**Dataset entries**:
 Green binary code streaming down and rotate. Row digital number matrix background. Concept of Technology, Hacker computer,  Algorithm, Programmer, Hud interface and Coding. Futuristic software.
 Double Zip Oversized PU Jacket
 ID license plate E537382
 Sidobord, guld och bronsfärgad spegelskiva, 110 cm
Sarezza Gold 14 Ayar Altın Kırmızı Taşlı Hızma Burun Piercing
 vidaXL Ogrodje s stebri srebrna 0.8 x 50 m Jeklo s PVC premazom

...

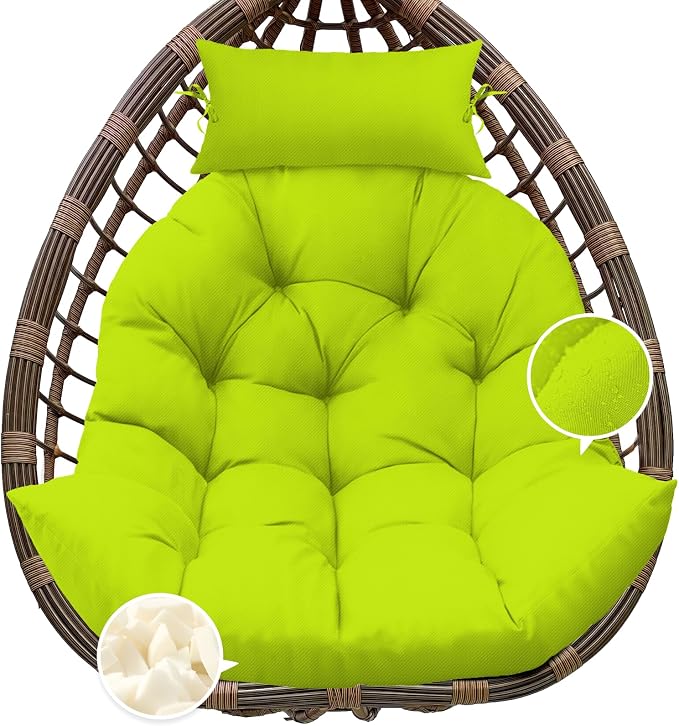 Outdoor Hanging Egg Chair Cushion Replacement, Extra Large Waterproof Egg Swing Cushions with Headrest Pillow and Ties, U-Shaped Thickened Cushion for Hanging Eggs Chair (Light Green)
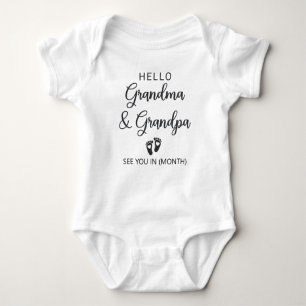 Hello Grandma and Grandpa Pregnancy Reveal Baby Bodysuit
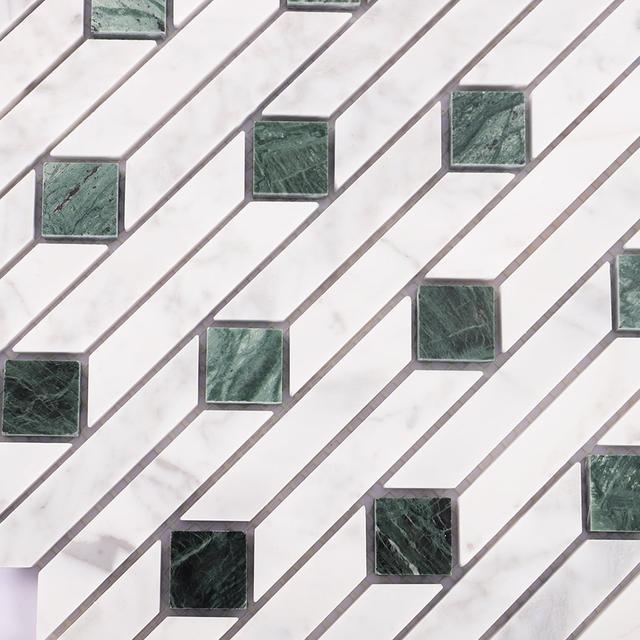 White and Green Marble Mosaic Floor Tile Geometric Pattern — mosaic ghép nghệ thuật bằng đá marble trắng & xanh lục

**Problem requirements**: Return only the lines between the one holding "Green binary code" and the one holding "vidaXL Ogrodje s", inclusive, exactly as they appear above.

**Output for this task**:
 Green binary code streaming down and rotate. Row digital number matrix background. Concept of Technology, Hacker computer,  Algorithm, Programmer, Hud interface and Coding. Futuristic software.
 Double Zip Oversized PU Jacket
 ID license plate E537382
 Sidobord, guld och bronsfärgad spegelskiva, 110 cm
Sarezza Gold 14 Ayar Altın Kırmızı Taşlı Hızma Burun Piercing
 vidaXL Ogrodje s stebri srebrna 0.8 x 50 m Jeklo s PVC premazom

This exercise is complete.